__TASK__.
Would you return the lines between the one holding "Appartement 6 Personnes" and the one holding "Capworth Nigeria Limited", inclusive, and only those, exactly as they stand in the listing below?

__ENTRIES SUPPLIED__.
========================================================================
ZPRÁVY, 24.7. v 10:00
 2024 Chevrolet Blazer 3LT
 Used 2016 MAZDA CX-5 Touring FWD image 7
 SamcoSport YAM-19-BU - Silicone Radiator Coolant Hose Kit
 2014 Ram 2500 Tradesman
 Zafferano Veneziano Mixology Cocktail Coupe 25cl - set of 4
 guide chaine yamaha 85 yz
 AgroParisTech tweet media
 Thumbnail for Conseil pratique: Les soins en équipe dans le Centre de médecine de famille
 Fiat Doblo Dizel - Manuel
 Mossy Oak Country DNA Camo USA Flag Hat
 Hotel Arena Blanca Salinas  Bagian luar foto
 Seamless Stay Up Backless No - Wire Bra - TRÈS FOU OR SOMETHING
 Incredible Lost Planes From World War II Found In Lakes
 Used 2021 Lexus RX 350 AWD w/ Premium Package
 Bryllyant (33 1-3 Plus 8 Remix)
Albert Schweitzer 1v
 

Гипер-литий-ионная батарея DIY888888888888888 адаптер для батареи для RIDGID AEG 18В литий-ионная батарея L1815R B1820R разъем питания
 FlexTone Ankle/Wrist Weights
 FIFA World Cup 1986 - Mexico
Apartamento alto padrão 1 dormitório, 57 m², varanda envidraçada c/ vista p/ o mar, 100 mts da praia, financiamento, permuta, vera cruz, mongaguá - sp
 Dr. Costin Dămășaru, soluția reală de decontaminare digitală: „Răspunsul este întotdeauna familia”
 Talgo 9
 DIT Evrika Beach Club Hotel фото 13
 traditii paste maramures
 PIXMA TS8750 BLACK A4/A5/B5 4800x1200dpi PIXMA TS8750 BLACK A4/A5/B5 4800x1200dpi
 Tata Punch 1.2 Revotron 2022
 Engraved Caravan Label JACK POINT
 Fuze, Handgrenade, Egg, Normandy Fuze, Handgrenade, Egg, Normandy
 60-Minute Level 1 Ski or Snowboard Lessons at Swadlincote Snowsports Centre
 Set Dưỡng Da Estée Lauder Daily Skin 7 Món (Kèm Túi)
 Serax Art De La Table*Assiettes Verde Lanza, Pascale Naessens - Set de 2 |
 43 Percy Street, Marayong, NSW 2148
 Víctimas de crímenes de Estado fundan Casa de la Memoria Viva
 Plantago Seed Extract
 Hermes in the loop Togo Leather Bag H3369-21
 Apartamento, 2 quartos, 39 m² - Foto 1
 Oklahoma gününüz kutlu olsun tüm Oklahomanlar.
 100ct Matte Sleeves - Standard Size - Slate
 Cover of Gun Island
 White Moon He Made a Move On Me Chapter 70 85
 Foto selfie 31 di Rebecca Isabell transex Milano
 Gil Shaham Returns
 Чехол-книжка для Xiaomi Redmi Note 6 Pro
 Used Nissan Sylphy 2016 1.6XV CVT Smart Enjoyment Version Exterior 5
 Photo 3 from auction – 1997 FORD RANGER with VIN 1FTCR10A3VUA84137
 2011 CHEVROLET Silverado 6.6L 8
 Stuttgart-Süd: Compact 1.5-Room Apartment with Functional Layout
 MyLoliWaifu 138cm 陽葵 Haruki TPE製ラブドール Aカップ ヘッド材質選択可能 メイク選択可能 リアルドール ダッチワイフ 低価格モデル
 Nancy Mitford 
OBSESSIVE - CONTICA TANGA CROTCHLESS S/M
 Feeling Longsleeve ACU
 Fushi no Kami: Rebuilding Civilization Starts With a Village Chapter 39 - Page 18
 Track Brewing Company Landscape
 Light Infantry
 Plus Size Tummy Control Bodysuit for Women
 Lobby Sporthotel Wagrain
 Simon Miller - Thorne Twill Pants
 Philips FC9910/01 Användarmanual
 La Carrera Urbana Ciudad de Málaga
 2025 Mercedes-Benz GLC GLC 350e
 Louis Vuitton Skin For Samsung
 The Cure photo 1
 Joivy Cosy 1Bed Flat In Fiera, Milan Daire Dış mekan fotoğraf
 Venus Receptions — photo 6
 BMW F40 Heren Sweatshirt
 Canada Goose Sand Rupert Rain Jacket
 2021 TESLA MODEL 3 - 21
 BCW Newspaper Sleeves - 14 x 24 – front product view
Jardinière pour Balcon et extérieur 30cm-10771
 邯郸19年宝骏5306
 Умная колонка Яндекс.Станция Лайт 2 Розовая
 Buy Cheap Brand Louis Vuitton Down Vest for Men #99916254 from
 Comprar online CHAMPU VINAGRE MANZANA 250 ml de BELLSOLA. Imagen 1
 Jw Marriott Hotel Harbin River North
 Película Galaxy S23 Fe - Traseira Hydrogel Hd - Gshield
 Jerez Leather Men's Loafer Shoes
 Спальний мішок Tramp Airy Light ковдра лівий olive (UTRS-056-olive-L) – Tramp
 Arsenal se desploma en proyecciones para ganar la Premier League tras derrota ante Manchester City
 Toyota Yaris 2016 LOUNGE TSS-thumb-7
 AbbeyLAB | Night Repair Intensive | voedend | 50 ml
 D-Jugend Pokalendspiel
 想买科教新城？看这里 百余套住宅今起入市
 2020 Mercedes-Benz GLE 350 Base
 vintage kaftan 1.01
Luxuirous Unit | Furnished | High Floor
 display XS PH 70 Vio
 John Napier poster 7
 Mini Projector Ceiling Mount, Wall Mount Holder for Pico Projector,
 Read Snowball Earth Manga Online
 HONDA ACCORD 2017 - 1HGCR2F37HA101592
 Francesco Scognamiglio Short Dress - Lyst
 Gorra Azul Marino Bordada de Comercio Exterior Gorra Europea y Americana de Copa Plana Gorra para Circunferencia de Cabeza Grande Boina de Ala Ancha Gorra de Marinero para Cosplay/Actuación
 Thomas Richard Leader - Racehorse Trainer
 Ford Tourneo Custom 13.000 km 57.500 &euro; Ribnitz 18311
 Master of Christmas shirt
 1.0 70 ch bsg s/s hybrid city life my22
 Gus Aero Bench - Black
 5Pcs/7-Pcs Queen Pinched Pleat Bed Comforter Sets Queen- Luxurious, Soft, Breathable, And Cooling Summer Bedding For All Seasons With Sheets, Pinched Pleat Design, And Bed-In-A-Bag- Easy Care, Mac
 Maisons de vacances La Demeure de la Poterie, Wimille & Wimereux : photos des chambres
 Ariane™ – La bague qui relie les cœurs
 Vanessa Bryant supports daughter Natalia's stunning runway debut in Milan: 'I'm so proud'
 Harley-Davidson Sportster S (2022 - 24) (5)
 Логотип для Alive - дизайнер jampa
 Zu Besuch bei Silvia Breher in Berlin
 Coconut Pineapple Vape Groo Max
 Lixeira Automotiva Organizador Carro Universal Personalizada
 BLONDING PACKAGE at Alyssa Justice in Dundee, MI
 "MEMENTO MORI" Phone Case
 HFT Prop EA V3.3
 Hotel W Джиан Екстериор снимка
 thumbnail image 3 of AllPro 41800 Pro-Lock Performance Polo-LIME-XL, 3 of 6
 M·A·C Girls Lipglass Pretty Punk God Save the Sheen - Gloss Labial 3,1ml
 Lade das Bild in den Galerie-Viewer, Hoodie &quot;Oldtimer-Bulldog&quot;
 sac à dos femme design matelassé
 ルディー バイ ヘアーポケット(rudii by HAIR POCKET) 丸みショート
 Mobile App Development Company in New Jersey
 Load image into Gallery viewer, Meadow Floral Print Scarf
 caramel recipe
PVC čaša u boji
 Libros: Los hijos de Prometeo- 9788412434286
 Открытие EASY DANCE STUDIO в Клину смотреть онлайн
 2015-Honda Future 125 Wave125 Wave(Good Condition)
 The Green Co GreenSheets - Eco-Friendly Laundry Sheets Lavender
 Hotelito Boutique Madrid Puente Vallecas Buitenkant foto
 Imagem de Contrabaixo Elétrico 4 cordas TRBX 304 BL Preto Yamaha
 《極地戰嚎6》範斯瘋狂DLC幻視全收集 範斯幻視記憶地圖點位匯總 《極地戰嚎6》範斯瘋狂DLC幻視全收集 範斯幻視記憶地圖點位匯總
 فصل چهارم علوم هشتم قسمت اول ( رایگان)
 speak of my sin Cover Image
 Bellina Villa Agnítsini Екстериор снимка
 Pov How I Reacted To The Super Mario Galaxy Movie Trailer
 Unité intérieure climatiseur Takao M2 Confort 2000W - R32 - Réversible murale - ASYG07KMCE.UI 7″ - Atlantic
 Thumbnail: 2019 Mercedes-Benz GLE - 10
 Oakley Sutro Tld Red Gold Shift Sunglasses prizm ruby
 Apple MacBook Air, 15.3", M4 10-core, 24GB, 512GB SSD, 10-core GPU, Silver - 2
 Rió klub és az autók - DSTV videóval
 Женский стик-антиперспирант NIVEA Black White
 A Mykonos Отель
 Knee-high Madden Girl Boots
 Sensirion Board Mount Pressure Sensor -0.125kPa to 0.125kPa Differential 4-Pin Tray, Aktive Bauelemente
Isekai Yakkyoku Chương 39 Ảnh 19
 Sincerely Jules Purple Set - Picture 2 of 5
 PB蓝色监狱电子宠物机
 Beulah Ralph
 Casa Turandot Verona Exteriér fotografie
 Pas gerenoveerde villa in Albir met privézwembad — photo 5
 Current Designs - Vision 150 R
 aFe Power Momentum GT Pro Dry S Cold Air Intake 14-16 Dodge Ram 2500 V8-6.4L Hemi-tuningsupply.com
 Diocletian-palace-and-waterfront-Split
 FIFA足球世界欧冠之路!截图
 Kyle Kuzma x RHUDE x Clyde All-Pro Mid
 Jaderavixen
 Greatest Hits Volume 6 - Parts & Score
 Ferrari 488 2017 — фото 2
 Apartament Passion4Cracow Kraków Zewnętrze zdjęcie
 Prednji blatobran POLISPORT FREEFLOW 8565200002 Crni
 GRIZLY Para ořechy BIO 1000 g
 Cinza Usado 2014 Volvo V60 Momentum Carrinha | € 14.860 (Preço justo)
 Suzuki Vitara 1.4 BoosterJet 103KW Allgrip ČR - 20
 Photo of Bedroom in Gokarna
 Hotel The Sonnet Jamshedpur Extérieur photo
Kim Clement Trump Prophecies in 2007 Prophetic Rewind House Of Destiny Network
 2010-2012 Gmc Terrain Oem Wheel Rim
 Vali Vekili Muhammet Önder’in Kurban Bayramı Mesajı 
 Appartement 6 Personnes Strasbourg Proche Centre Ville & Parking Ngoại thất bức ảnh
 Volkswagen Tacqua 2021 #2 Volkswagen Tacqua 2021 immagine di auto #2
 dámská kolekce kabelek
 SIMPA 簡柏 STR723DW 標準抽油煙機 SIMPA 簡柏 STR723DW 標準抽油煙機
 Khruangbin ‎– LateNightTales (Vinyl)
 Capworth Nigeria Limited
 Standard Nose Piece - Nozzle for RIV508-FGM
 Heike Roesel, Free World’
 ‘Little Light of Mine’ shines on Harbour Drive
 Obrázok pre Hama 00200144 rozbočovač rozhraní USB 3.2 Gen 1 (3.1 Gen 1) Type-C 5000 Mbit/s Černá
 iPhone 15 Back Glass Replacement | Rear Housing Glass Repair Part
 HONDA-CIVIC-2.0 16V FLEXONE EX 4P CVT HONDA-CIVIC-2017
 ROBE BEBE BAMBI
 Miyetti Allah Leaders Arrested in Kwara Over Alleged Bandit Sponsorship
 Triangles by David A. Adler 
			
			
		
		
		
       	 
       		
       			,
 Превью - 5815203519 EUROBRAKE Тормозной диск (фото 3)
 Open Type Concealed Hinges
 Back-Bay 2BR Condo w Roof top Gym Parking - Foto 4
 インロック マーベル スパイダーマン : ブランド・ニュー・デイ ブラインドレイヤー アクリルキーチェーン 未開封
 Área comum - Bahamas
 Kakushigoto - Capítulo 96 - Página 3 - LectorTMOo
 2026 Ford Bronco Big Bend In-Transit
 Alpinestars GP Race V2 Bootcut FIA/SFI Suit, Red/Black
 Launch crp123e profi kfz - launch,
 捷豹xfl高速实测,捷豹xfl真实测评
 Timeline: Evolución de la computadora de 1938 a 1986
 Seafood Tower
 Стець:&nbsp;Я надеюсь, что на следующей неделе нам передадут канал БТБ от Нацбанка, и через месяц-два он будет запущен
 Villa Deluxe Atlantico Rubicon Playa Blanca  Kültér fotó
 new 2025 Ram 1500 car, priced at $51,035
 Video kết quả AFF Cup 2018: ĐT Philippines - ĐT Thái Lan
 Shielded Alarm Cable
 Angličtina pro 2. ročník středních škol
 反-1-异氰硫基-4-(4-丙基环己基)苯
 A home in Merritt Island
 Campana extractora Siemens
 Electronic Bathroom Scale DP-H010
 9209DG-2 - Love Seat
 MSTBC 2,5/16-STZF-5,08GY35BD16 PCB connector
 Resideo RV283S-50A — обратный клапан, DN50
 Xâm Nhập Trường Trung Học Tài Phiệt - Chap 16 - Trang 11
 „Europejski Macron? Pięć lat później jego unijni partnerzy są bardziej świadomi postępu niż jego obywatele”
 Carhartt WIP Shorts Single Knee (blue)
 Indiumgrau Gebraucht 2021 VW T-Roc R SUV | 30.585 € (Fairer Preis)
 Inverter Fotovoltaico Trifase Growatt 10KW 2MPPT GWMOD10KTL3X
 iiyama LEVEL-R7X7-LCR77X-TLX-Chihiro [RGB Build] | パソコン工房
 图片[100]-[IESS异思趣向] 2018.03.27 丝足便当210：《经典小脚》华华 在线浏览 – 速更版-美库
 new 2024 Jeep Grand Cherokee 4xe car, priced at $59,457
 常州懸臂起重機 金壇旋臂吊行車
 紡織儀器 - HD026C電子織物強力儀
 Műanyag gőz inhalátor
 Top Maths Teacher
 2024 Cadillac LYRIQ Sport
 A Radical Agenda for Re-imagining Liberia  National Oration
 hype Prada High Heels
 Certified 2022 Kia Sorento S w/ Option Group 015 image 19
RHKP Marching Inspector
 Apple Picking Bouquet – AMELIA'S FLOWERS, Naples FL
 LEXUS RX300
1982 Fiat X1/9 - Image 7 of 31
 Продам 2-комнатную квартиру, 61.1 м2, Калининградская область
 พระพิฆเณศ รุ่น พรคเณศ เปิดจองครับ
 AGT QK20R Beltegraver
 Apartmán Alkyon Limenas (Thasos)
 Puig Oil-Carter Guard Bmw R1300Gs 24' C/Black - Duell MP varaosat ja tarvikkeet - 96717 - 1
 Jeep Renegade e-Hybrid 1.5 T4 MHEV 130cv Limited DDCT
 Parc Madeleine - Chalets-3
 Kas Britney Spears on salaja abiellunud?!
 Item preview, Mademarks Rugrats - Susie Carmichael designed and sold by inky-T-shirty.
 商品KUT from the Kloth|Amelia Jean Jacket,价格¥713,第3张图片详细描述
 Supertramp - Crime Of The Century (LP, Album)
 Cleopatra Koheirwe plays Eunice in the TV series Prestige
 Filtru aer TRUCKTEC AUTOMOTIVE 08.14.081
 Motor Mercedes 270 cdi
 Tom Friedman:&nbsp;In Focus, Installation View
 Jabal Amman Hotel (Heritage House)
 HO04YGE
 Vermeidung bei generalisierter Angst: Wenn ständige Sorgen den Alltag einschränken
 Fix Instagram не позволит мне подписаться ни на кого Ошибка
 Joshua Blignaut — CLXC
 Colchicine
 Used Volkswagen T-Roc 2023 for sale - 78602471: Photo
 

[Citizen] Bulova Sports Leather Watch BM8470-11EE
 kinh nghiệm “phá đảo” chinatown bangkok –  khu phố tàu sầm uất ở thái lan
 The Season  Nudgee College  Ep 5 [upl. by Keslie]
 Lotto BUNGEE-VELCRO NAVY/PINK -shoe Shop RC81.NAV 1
========================================================================
__EXERCISE ANSWER__.
 Appartement 6 Personnes Strasbourg Proche Centre Ville & Parking Ngoại thất bức ảnh
 Volkswagen Tacqua 2021 #2 Volkswagen Tacqua 2021 immagine di auto #2
 dámská kolekce kabelek
 SIMPA 簡柏 STR723DW 標準抽油煙機 SIMPA 簡柏 STR723DW 標準抽油煙機
 Khruangbin ‎– LateNightTales (Vinyl)
 Capworth Nigeria Limited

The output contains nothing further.